Marilyn asked: Who decides where you will go next? Are you on a commercial venture? The short answer is: She's a tramp....and she does what she's told.
Have you ever heard of a tramp ship? Back in the day there were a lot ships that were considered tramps. Back when the majority of cargo was loaded by hand in exotic ports. For example, a ship going to South America may load bagged grain and it may have taken three weeks. Ships used to get cargo orders that would take them to said port and they may not know when they were loading cargo where they'd be discharging it. Sometimes the cargo orders were split - go to this port load this much then go to this port and load the rest - discharge this much here, here and here. While the vessel would be accomplishing their tasks the managers would be desperately looking for their next cargo. When they were moving between ports it was called 'tramping around'.
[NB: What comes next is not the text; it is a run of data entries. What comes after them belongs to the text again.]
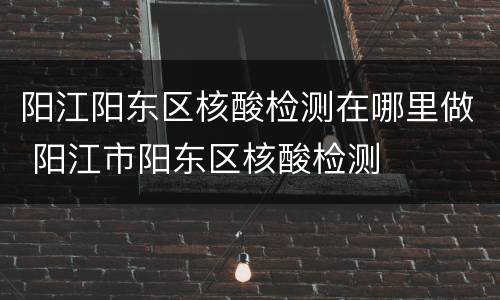 阳江阳东区核酸检测在哪里做 阳江市阳东区核酸检测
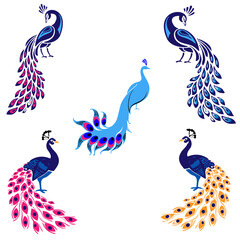 peacock editable colourful  vector set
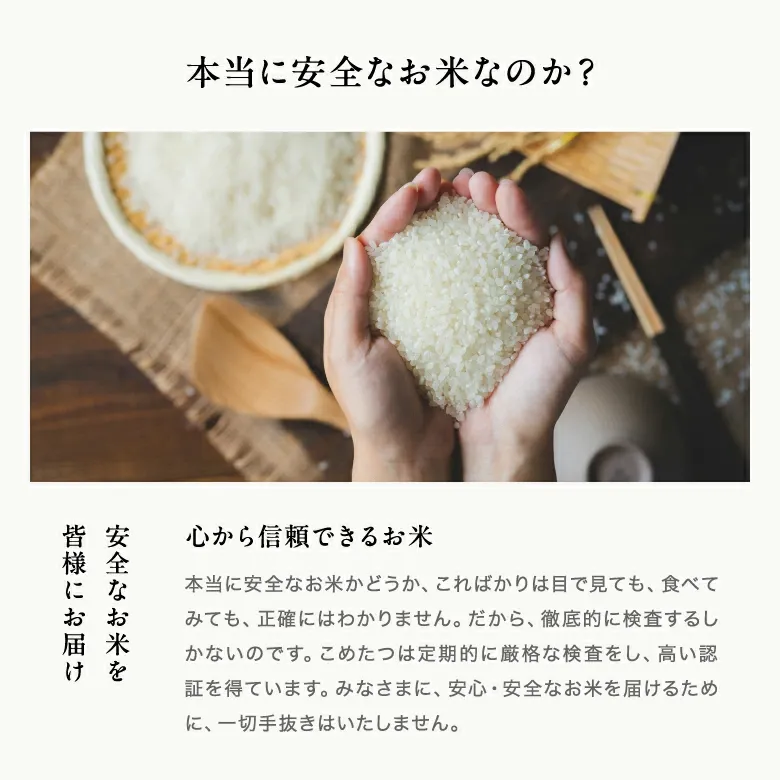 【グルメ大賞受賞！】米 白米 無洗米 10kg 送料無料 ヒノヒカリ 熊本県産 令和7年産 ひのひかり 米 10kg 送料無料 白米 お米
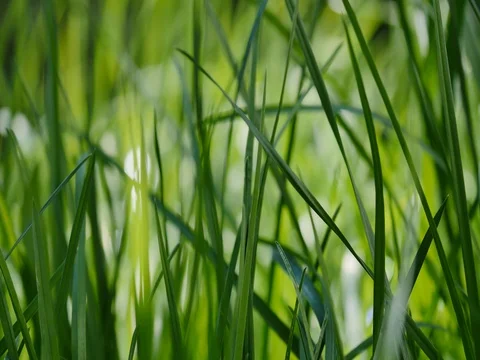 Blades of grass Video stock 74350879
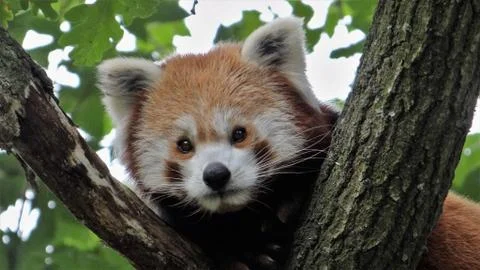 Red panda Stock Photos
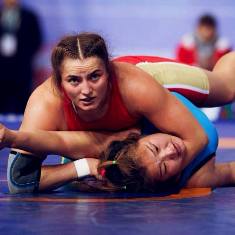 55 ������� �� XXXI ������������� �������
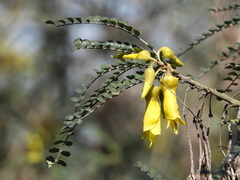 Sophora cassioides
Tramp ships still exist - there just aren't too many of them in the US Flag fleet. Containerships would be considered a 'liner'. Vessels in the liner service know for months ahead of time exactly when they'll be in which port. There is very little deviation from their schedule - in fact a deviation from the schedule is a really big deal. If one containership is behind schedule then all the containerships are behind schedule. Large containership terminals move 'em in and move 'em out like clockwork.
In the United State most tankers operate 'coast wise'. Meaning they'll stay along the coast. For example load in Alaska discharge in Washington, Oregon and California then back to Alaska. This is because these tankers are built in the states and are considered 'Jones Act Vessels'. In order for a ship to trade between two US ports its keel must be laid in the US. Tankers that are on runs like this are almost like liners. They tend to be on long term charter with an oil company. For example when I ran on the West Coast my ship was chartered to Tesoro and we carried product for Tesoro. We knew what ports we'd be going to for about two months ahead of time. There are a lot more delays associated with tankers so we couldn't bank on the exact day but for the most part we knew when they'd want us there.
While tankers in the states don't usually tramp around it is fairly common in the foreign fleet. It's called the spot market. Tankers will often time anchor until prices are just right then you'll see five tankers leave the anchorage at the same time. I witnessed this a lot in Fujairah, UAE. Sometimes tankers would anchor there for over a month until their operators could find a cargo for them.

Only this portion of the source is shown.